:: Your instructions ::
With both ends included, repeat exactly the lines of the entries below from the one containing "Украинският президент Володимир" down to the one containing "Lenovo Legion 5", and no others.

:: Excerpted records ::
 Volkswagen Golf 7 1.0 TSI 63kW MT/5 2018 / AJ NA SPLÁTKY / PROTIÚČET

==

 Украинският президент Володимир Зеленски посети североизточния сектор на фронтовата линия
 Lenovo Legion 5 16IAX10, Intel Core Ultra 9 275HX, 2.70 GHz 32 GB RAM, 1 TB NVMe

--

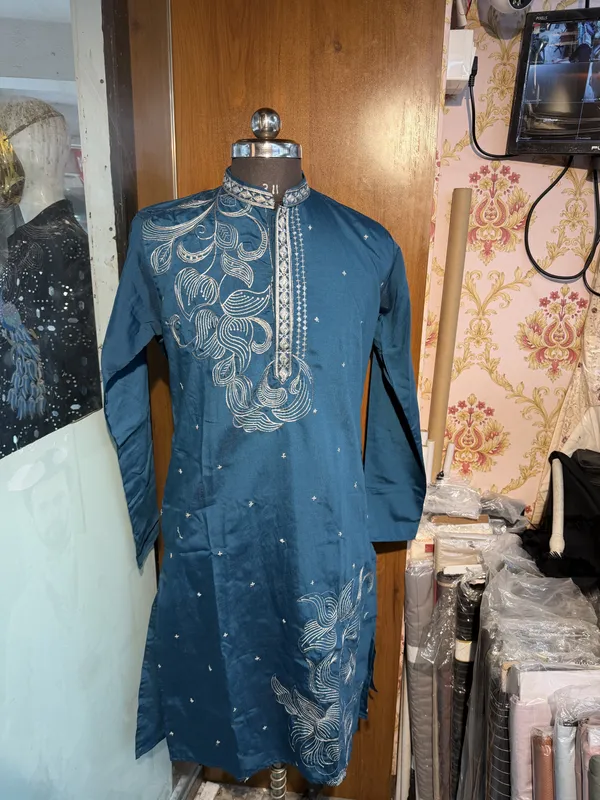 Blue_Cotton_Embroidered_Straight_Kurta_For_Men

:: Exercise result ::
 Украинският президент Володимир Зеленски посети североизточния сектор на фронтовата линия
 Lenovo Legion 5 16IAX10, Intel Core Ultra 9 275HX, 2.70 GHz 32 GB RAM, 1 TB NVMe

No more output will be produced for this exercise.